Un’offensiva secolarista di proporzioni inaudite, incarognita, che è arrivata fino allo scoperchiamento delle tombe dei padri del Concilio alla ricerca di archivi della colpa, ha messo la Chiesa, per scelta anche lungimirante e comprensibile del suo massimo pastore, in una condizione di espiazione, di penitenza e di ricerca interiore che ha i suoi splendori ma richiederebbe una pace e un governo delle istituzioni che sotto la guida del segretario di Stato Bertone si sono rivelati impossibili. E sarebbero altrettanto controversi anche sotto altra guida istituzionale.

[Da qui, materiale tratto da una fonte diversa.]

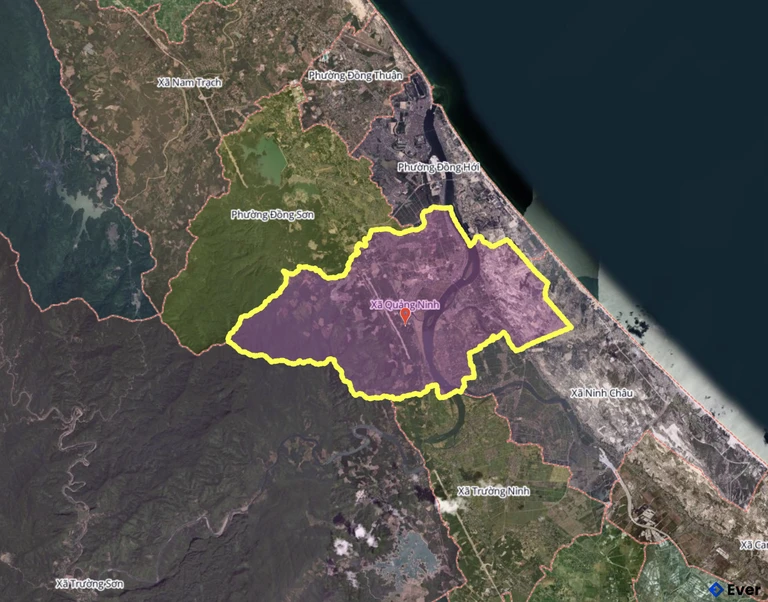 Bản đồ xã Quảng Ninh, Quảng Trị sau sáp nhập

A ciascuno il suo sogno, quindi, visto che la realtà offre loschi racconti intorno a oscuri scontri di potere.
Il mio sogno è che il Papa si dimetta, prendendo atto della sua magnifica vecchiaia, di una straordinaria missione compiuta, della situazione di forza spirituale inconcussa del suo animo, ma insieme della necessità di un gesto di rinnovamento che sia centrato sul magistero e la decisione petrini, e che gli permetta di guidare una successione e un ricambio capaci, con l’assistenza del destino e dello spirito santo, di inaugurare un nuovo ciclo del cristianesimo moderno che faccia tesoro di quello oggi al tramonto.
Se la Chiesa è semper reformanda , ciò di cui ha oggi bisogno è un grande trauma papocentrico, una soluzione di continuità e un nuovo inizio.
Non per ballare il ballo del mondo, non per introdurre nella Chiesa, progetto grottesco, le procedure della democrazia secolare, ma per restituirsi un orizzonte, una presa sul futuro, una combattività spirituale e culturale che un nuovo pontificato, sotto l’onda di rottura di un grande ritiro, di un’abdicazione attiva e consapevole, può produrre.
Se c’è una cosa che è tipica di questo Papa è l’assenza di ogni paura, la mobilità mentale e la capacità di leggere il mondo alla luce del suo stesso magistero, ed è da qui che si può ripartire, da un atto quasi metastorico, da un eremo in cui Ratzinger scrive tranquillo il proprio percorso e i suoi libri, e un nuovo Papa organizza il riscatto della fede e della ragione cristiana nella tempesta di un secolo che della Chiesa intende con ogni mezzo sbarazzarsi.